According to Byril Kurtz, habitat enforcement coordinator with the federal Department of Fisheries and Oceans in Salmon Arm, the fine arose out of an investigation started in 1997 by staff from the Clearwater DFO office.

The staff had discovered that trees and other vegetation had been cleared along the North Thompson River and a couple of small tributary streams. The land clearing had been done on a 16-hectare piece of private property located at the north end of the bridge at Avola, along the east bank of the river.

The work was in three areas — each about 130 meters long by six or seven meters wide.

15 YEARS AGO:

The British Columbia Building Corporation (BCBC) has sold its property located at the base of Trophy Mountain, formerly the Bear Creek Correctional Centre.

Rex Investiments Ltd., a company based out of Vancouver purchased the property for $510,000, well below the listed price.

The Bear Creek facility was one of eight minimum and medium security prisons closed when the BC Liberal government announced its cutbacks in 2001. The listing had seen no activity for two years at $859,000.

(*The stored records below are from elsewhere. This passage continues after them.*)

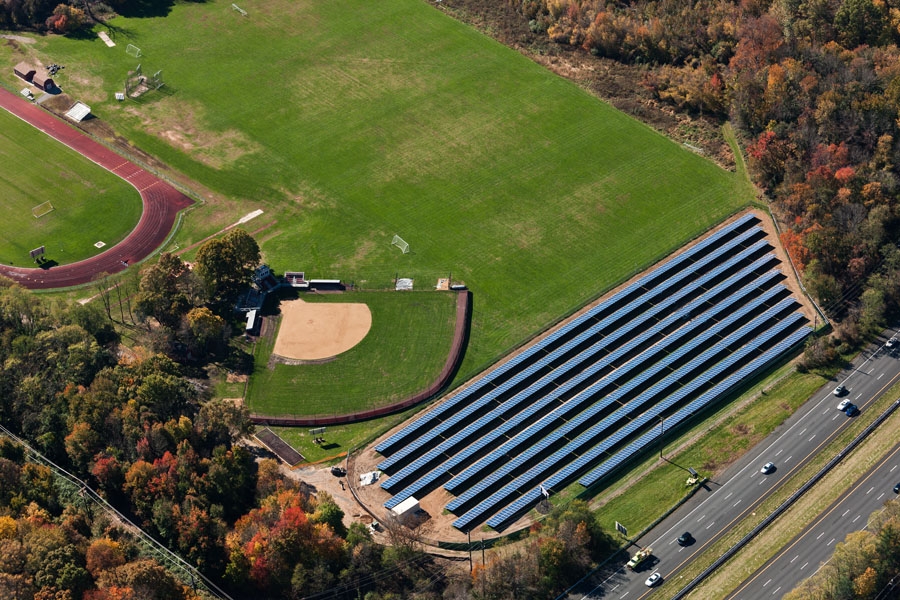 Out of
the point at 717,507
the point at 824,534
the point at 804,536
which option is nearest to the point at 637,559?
the point at 717,507

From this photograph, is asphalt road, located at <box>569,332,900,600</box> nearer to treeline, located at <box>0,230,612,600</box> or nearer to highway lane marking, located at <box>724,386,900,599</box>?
highway lane marking, located at <box>724,386,900,599</box>

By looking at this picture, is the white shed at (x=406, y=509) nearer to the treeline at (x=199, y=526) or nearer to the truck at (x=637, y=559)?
Result: the treeline at (x=199, y=526)

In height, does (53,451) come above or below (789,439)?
below

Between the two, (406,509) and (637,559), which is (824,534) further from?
(406,509)

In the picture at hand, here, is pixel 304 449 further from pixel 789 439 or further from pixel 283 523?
pixel 789 439

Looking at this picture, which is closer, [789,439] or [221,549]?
[221,549]

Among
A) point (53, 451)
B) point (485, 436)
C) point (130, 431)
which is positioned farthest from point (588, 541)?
point (53, 451) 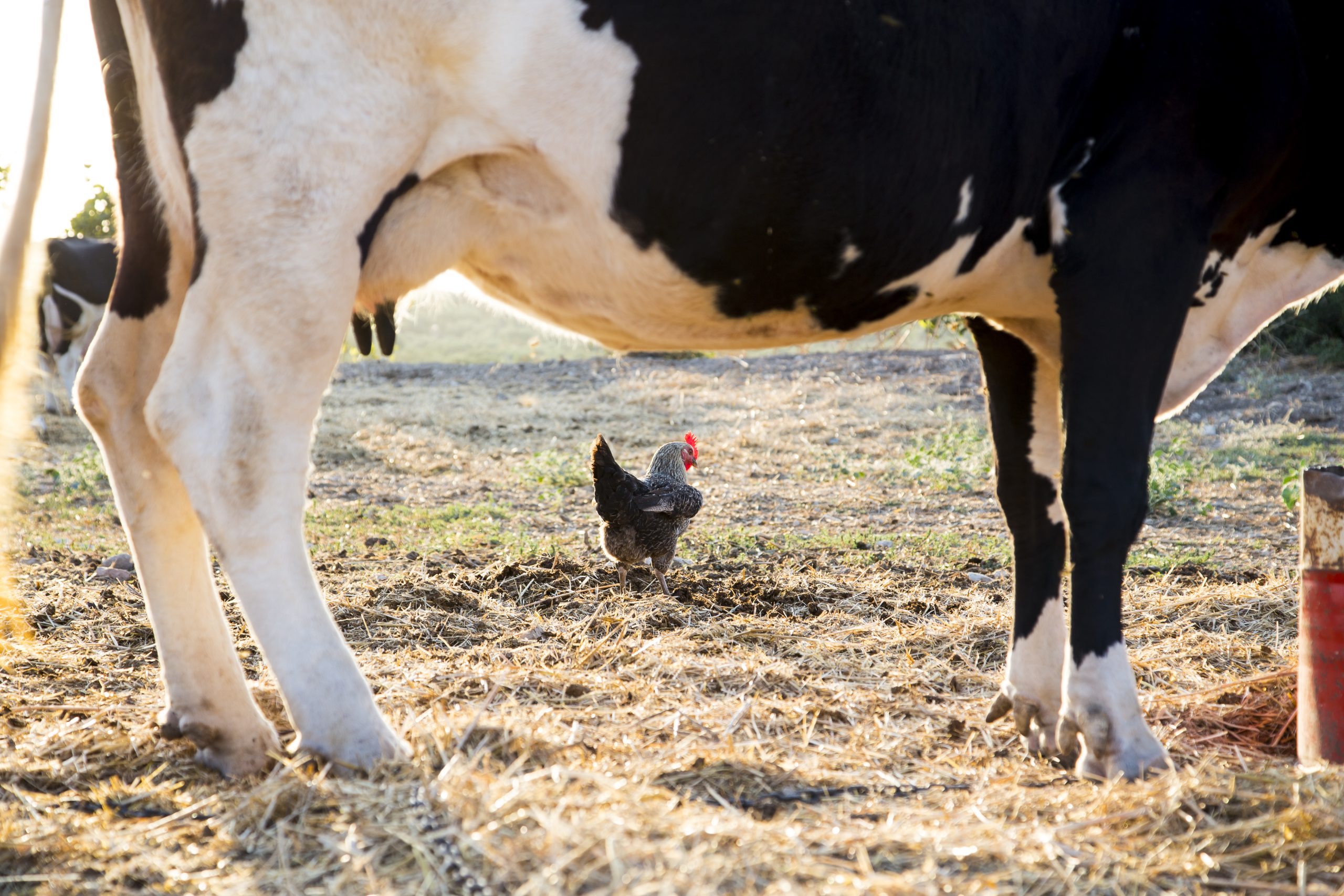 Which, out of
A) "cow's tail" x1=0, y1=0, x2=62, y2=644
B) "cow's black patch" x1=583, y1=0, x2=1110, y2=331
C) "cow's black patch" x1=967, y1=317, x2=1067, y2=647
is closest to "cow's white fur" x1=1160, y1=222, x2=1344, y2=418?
"cow's black patch" x1=967, y1=317, x2=1067, y2=647

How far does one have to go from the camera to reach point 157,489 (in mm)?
2674

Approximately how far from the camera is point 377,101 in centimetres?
229

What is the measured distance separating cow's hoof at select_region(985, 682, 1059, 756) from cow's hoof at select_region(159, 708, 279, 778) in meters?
1.92

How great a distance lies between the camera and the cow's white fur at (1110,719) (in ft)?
8.63

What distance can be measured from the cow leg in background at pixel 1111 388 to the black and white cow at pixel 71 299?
13.2m

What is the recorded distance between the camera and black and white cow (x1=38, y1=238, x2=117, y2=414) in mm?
13430

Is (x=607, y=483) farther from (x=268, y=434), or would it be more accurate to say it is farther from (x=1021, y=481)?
(x=268, y=434)

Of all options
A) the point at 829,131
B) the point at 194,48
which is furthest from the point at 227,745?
the point at 829,131

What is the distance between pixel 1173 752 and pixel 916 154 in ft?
5.59

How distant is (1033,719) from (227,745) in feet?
6.77

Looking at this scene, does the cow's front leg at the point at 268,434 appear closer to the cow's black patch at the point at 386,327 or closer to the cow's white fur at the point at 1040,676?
the cow's black patch at the point at 386,327

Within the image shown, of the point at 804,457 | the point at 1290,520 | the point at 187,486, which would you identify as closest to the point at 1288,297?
the point at 187,486

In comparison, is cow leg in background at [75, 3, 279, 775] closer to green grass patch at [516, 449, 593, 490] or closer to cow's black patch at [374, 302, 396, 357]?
Result: cow's black patch at [374, 302, 396, 357]

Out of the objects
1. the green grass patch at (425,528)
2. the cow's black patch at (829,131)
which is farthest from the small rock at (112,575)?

The BCBC recently re-listed with Colliers International Vancouver for $750,000.

10 YEARS AGO:

Forests, Mines and Lands Minister Pat Bell said that 2010 is ending on a high note with several clear signs that a stronger, diverse B.C. forest sector is moving toward a healthy recovery.

“The B.C. forest sector was much busier this year and it appears that the worst of the economic downturn is now behind us,” said Bell. “The latest net earnings summary from PricewaterhouseCoopers reported all of B.C.’s largest forest companies showing profits in the third quarter. This is the first time in a decade that we have seen quarterly profits across the board.”

Heading into the new year, Asia Pacific’s steadily increasing demand for B.C. wood products conitnues to be the most encouraging indicator that the B.C. forest sector is poised to rebound for a more properous future.

5 YEARS AGO:

Residential property owners in Clearwater can expect to see their property assessments change by +5 per cent to -5 per cent when they receive their assessment notices in the next few days.

“The majority of residential home owners within the area can expect a modest change in value, compared to last year’s assessment,” said deputy assessor Graham Held.

Overall, the Thompson area’s total assessments increased from $23.59 billion in 2015 to $24.14 billion this year. A total of almost $308 million of the Thompson area’s updated assessments is from new construction, subdivisions and rezoning of properties.